Metacritic Score: 89
Awkwafina in “The Farewell (director: Lulu Wang, studio: A24)”
THE SINGER: Cynthia Erivo – Harriet (director: Kasi Lemmons, studio: Focus Features)
FYC: This biographical film finally puts one of America’s greatest heroes in the limelight as it tells the tale of escaped slave-turned-abolitionist, Harriet Tubman, who freed hundreds of enslaved people and helped change history as a conductor on the Underground Railroad. Erivo, also a stage actress, won the Tony Award for Best Actress in a Musical in 2016 for her role as Celie in The Color Purple. In 2017, she won both a Grammy for Best Musical Theater Album and a Daytime Emmy for Outstanding Musical Performance in a Daytime Program (also for her work in The Color Purple), putting her in line for an EGOT. Lemmons’ film, which premiered at TIFF, eschews comparisons to other recent films depicting enslaved people through her vision of a more light-hearted approach to the subject matter. The result is a bit formulaic for the taste of critics. Still, Erivo is fierce and compassionate as Tubman, who followed her heart and the North Star to bring enslaved people to the north from 1850-1861. However, as a British actress, Erivo has faced a lot of backlash from many who believe the role should have gone to an American. These remain sticking points as Erivo reaches for gold this year.
Metacritic Score: 66
Cynthia Erivo in “Harriet (director: Kasi Lemmons, studio: Focus Features)”
THE WARDEN: Alfre Woodard – Clemency (director: Chinonye Chukwu, studio: Neon)
FYC: This drama follows prison warden Bernadine Williams (Woodard) whose job has taken a psychological toll as she confronts her demons, thereby connected to the latest man she is sanctioned to execute. Woodard was nominated for Best Supporting Actress way back in 1984 for Cross Creek. In 1993, she was then nominated for the Golden Globe for Best Performance by an Actress in a Supporting Role in a Motion Picture for Passion Fish (Best Performance by an Actress in a Supporting Role in a Motion Picture).

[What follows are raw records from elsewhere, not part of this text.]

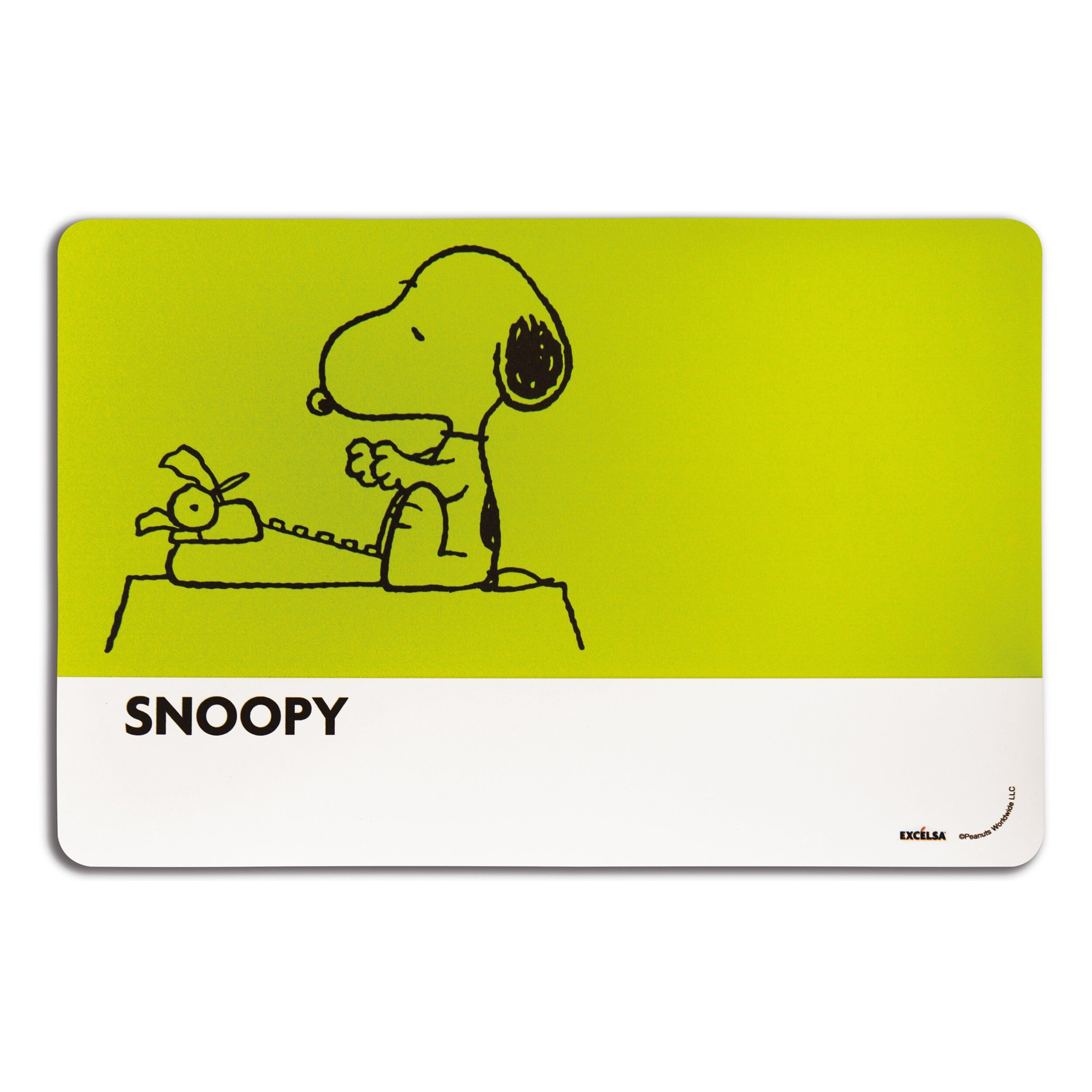 Set 4 Tovagliette Excelsa – Peanuts, Plastica Multicolore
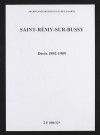 Saint-Remy-sur-Bussy. Décès 1892-1909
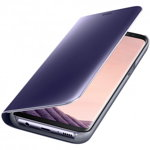 Book Clear View Standing Cover Samsung Pentru Samsung Galaxy S8 - Mov, Samsung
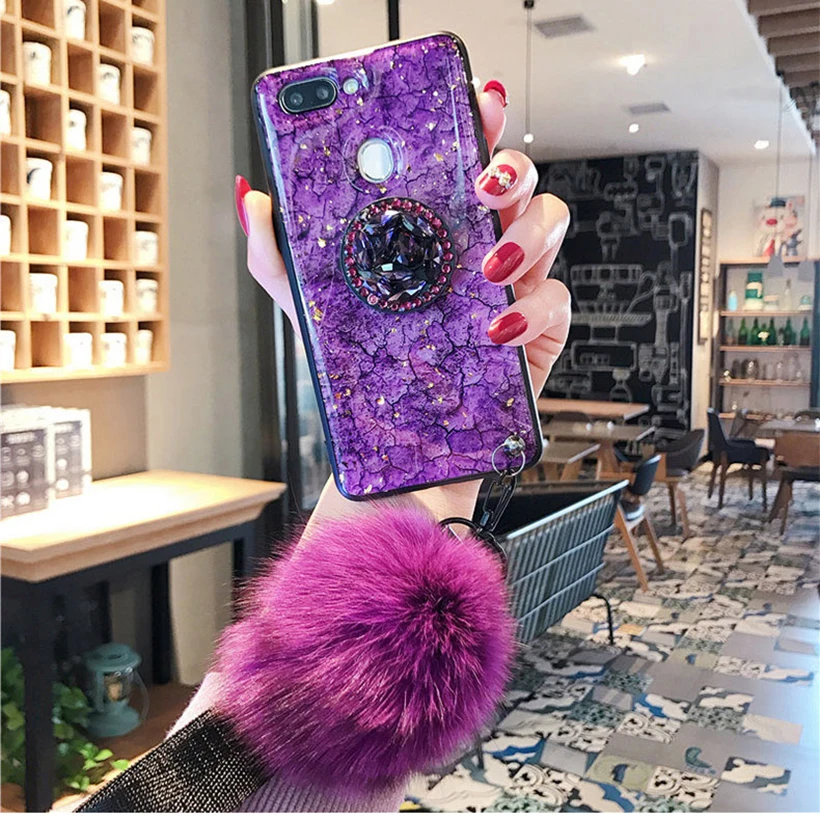 Шикарные чехлы с плюшевыми шариками для Samsung Galaxy S9 Plus S8 S10 Lite S10E Note 9 8 10 Pro M30 M20 M10 G960F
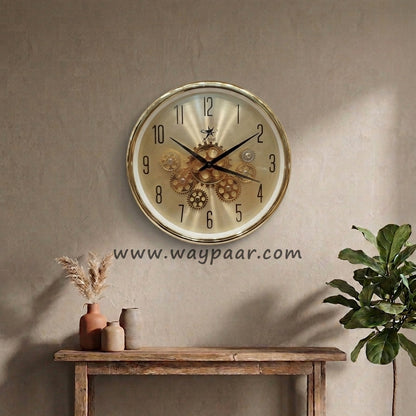 16-Inch Premium Imported Moving Gear Wall Clock – Ultra-Durable Quartz Machine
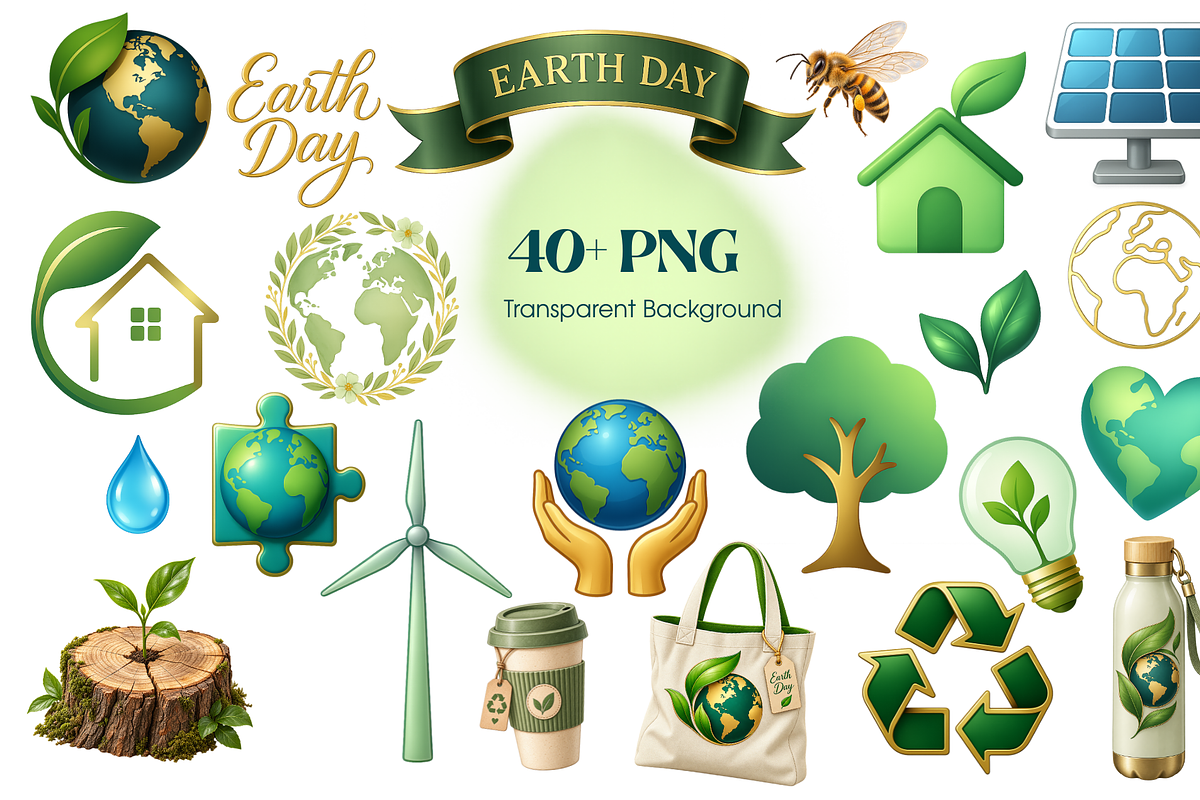 Earth Day Eco Elements, an Object Graphic by MarisoArt (Photo 7 of 8)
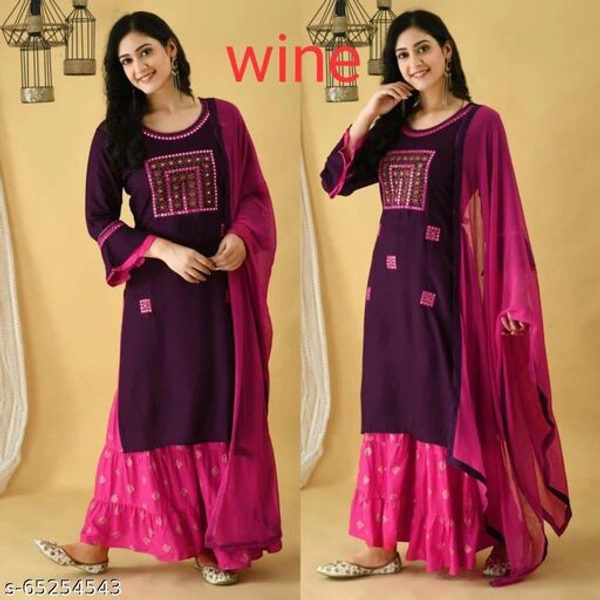 Adrika Graceful Women Dupatta Sets  - Free Shipping, L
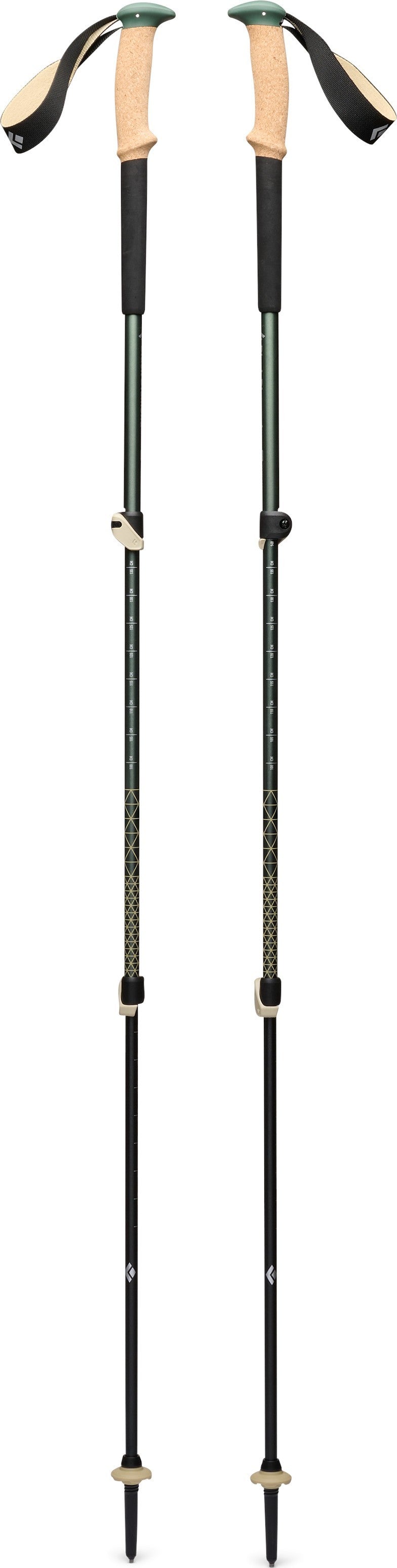 Trail Cork Trekking Poles - laurel green 1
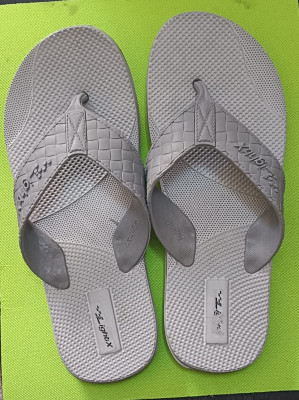 AK traders Men Flip Flops(Grey , 9)
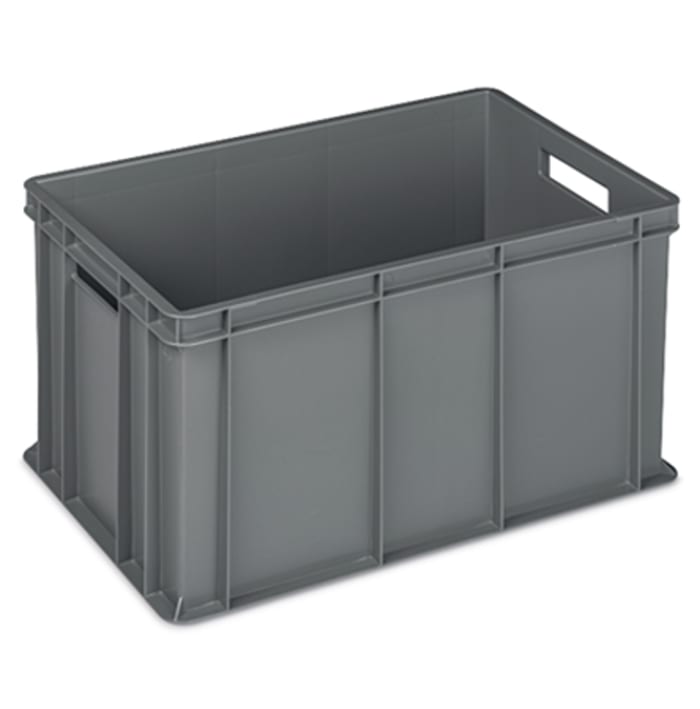 RS PRO | RS PRO Polypropylene Storage Container, 600 mm x 400 mm x 320 ...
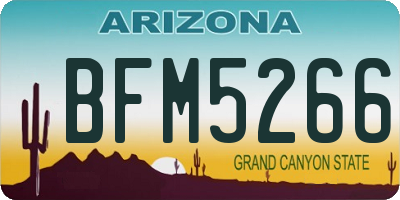 AZ license plate BFM5266
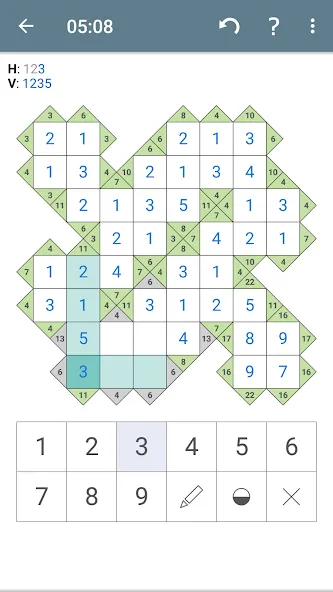 Kakuro (Cross Sums)  [МОД Menu] Screenshot 5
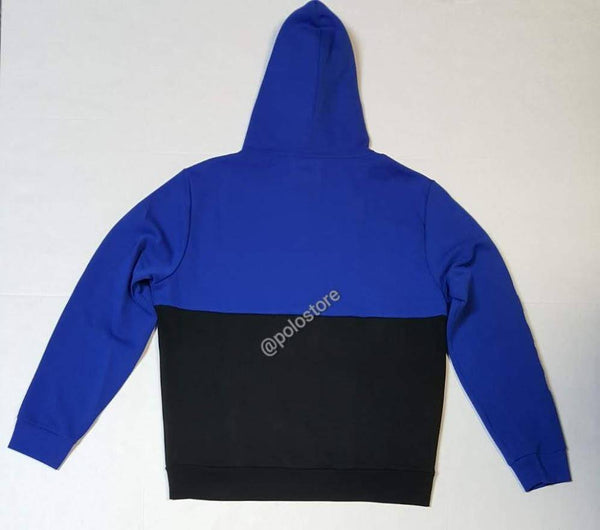 Nwt Polo Big & Tall Black/Royal RL-67 Pullover Hoodie - Unique Style
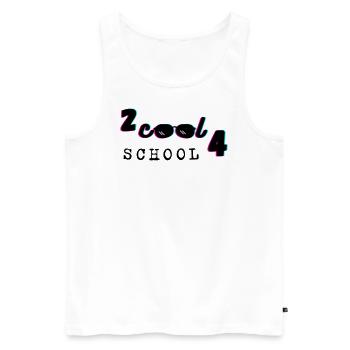 Too cool for school - Männer Premium Bio Tank Top - Weiß - Vorne - Michal (187cm)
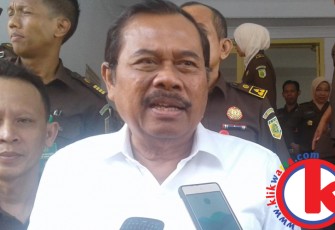 Jaksa Agung HM Prasetyo saat mengunjungi Kejati Bengkulu, Kamis (18/05)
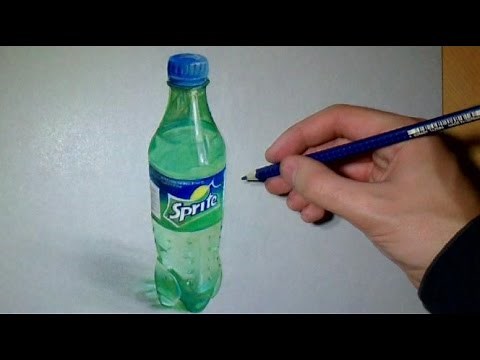 Drawing realistic Sprite Bottle o:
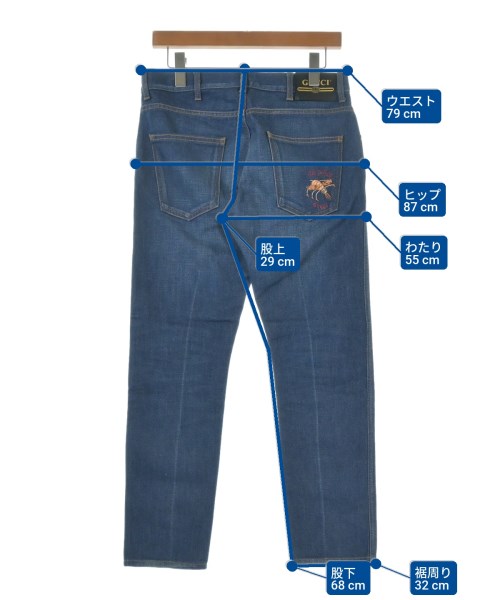 GUCCI 牛仔褲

Afterwards, her awards recognition was relegated to television. She picked up the Globe for Best Performance by an Actress in a Miniseries or Motion Picture Made for Television in 1998 for Miss Evers’ Boys and was last nominated by the HFPA in 2001 for Best Performance by an Actress in a Miniseries or Motion Picture Made for Television for Holiday Heart. Woodard’s television bona fides go well beyond the Globes, with twelve Primetime Emmy nominations and four wins. There is no question that Woodard is adored by Hollywood, and her performance is astounding in the Sundance Grand Jury Prize (dramatic) winner, but the film is small and not set to be released until December 27. This is another film where the actress’s awards chances could be heavily influenced by whether its studio (Neon) distributes screeners in time.
Metacritic Score: 76
Other actresses vying for the Best Actress Oscar include the aforementioned Nyong’o, whose film is a horror and therefore an uphill climb (Toni Collette received raves for her performance in Hereditary this year but was ignored by AMPAS), leading me to believe this performance, though amazing, will be left out. There is also newcomer Jodie Turner-Smith who has been turning heads in the Bonnie & Clyde-esque Queen & Slim, Kristen Stewart in Seberg, Helen Mirren in The Good Liar, and Felicity Jones in The Aeronauts.
When next you hear from me, it will be in February and the Academy Awards will be a little over a week away! I’ll do a quick analysis of the supporting players and end the season with my picks in all major categories. Until then, Oscar watchers!